I’ve recognized the problem with arguing on Twitter as Twitter has descended into the depths of Hell. I don’t even want to be on the site any more. Even worse, the more I interact with assholes on Twitter, the more money I make for them, because Musk pays them for their number of interactions. So why do I still go there to argue?


Okay, I tell myself that I am fighting the good fight: but a week or so ago, I was arguing about who was the greatest tennis player of all time. Which is – you may be surprised to hear – not one of the important arguments I need to take a stand on. I mean, it was related, because the original post had the pictures of four candidates for GOAT, and they were, as might be presumed, all white men – Pete Sampras, Roger Federer, Rafael Nidal, and Novak Djokovic. But the correct answer, of course, is Serena Williams. So I commented that, and like a few other comments that had made the same argument; and then I found this thread where someone had posted Serena’s unmatched statistics – better by far than any of those four losers – and someone else had replied that Serena would lost a head-to-head match to any of them.
But that’s dumb. Because that’s not how you decide who the best of all time is. Nobody arguing about Michael Jordan vs. Lebron James talks about which of them would win a 1v1. You talk about their impact on the game, on their team; their championships, their individual statistics.


So I joined the thread and fought for my side.
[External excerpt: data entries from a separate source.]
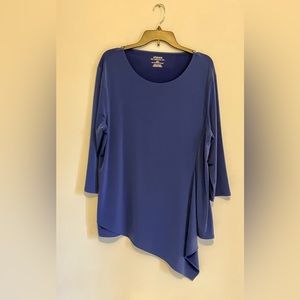 Chicos Royal Blue AsymmetricTunic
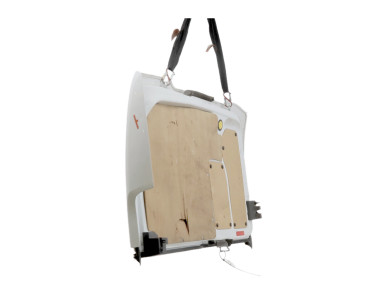 Left rear swing door - Ford TRANSIT II PH.1 - Blanc - 2431232 - G1-6837U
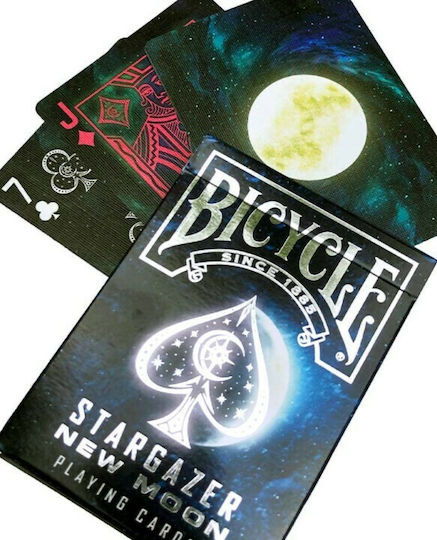 Bicycle Stargazer New Moon Συλλεκτική Τράπουλα Χάρτινη Μαύρη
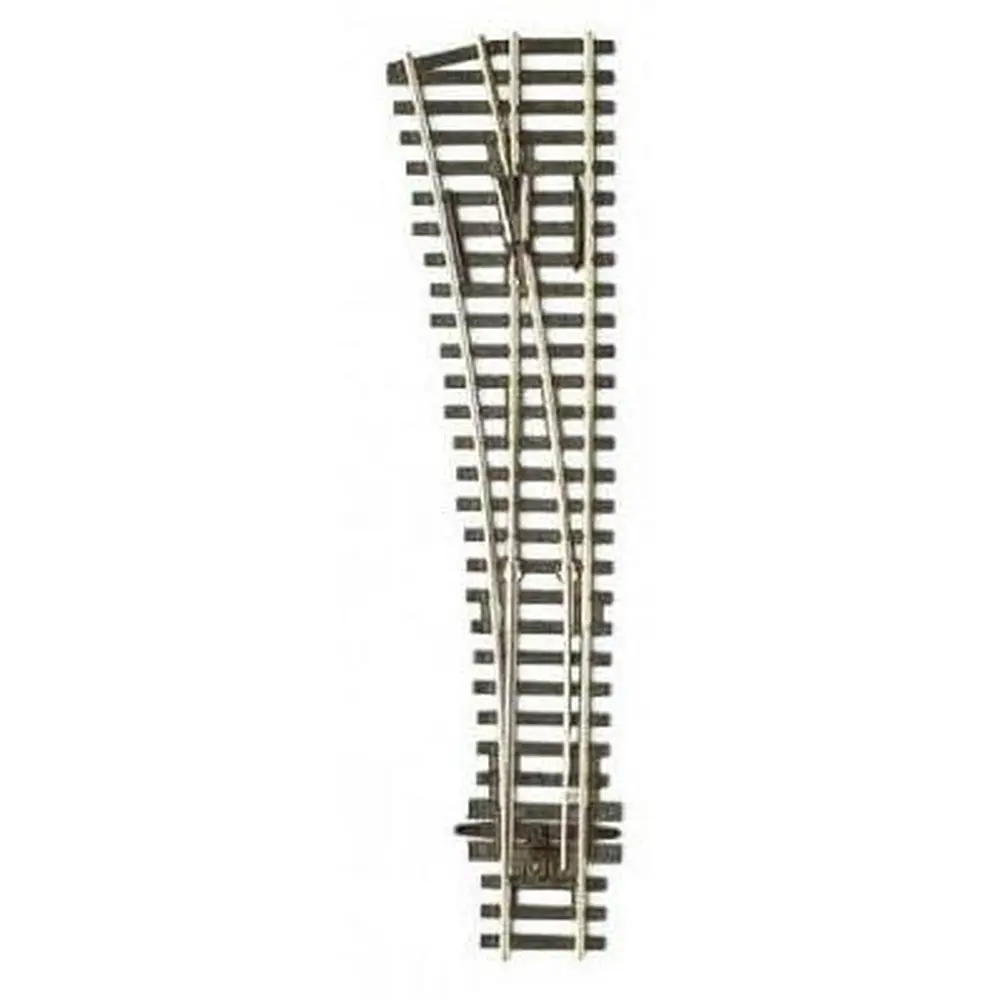 Aiguillage à gauche - Peco - SL89 - Insulfrog - HO 1/87 - Code 100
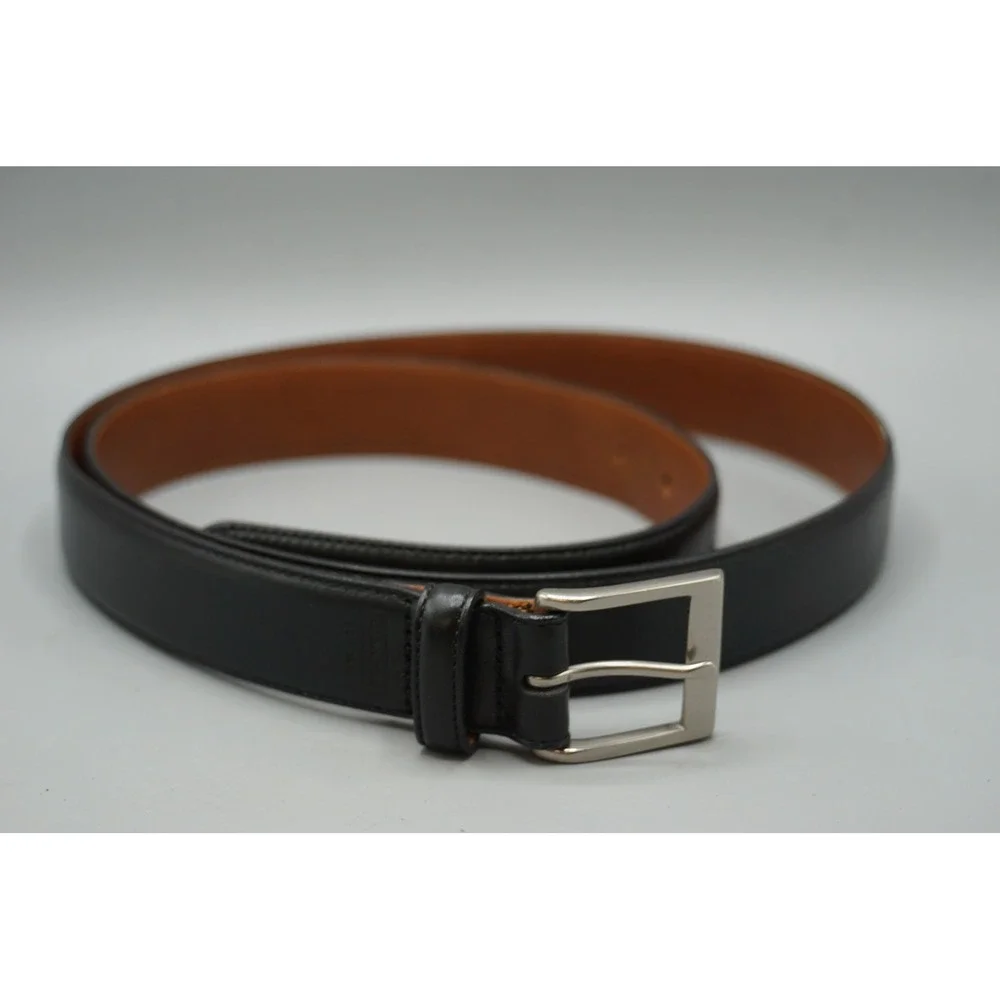 Coach Mens Black Calfskin Leather Belt Made in Italy 42 105cm 5953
I made a joke (It was a stupid joke, but I thought it was funny) in order to mock the guy who had said Serena would lose head-to-head. And another guy started arguing with me: saying that I was wrong and dumb, because the way you decide who is the best of all time is exactly to debate who would win head-to-head, and even Serena has said she would lose against a male champion.


We went back and forth. For less time than some of my arguments about more serious topics, but still, this went on too long. And somewhere in there I realized: who decided how you debate the GOAT of a sport? Who says it isn’t about a head-to-head matchup? Did I have some special knowledge? Of course not: because actually, half the fight about who is the GOAT is arguing over which methods of comparison make the most sense. And in lots of these arguments, none of which is ever meaningful, the key point is indeed head-to-head. Boxing, for instance (which I had even referred to, because I’m a dummy), is almost always about head-to-head matchups, not statistics. So I had a bad argument, and was arguing in bad faith. And the worst part was that the other guy was funnier than me with his insults and comebacks. Which just pissed me off more – but since it didn’t make my argument better, I finally just quit.


He got the last word. And it was funnier. (Not really funny, to be clear. It was still a sexist argument, which I have problems with. But I tried to end with a barb, and he threw one back, and his was better than mine. Dammit.) Now, I still believe that Serena Williams is the best tennis player of all time – because she was more dominant in her specific competitive circumstance than Sampras or Federer or Nidal or Djokovic – but what did I gain by arguing for it?


Nothing. I just wasted my time. And I’m still wasting it, because I’m still arguing my point here, now, with you.


This is why I need to stop arguing online. And also why I need to stop arguing with my students.
But then that brings me around to the title of this piece. What do I do now? If I’m not going to argue (And to be fair, I doubt I will ever stop arguing entirely; I still exist in this world, and people say some appallingly stupid shit; and also, I do think there is value in standing up for my beliefs and for the particular people I advocate for – but I have lately been stopping myself before I post, and deleting the comment, and scrolling away from the initial post that made me want to reply; so I’m getting better), what do I do? Nothing?


I don’t want to do nothing. I think there are fights that need to be fought. Even if I am a pacifist, because as I said at the top of this, even we pacifists need to fight bullies, or else we allow suffering and oppression and violence to grow and spread in the world. And I can’t abide that.


The obvious things I can do are: I can try to persuade people, without arguing; and I can take actual action, to try to create political change around the causes I believe in, to try to limit the power of fascists and bullies.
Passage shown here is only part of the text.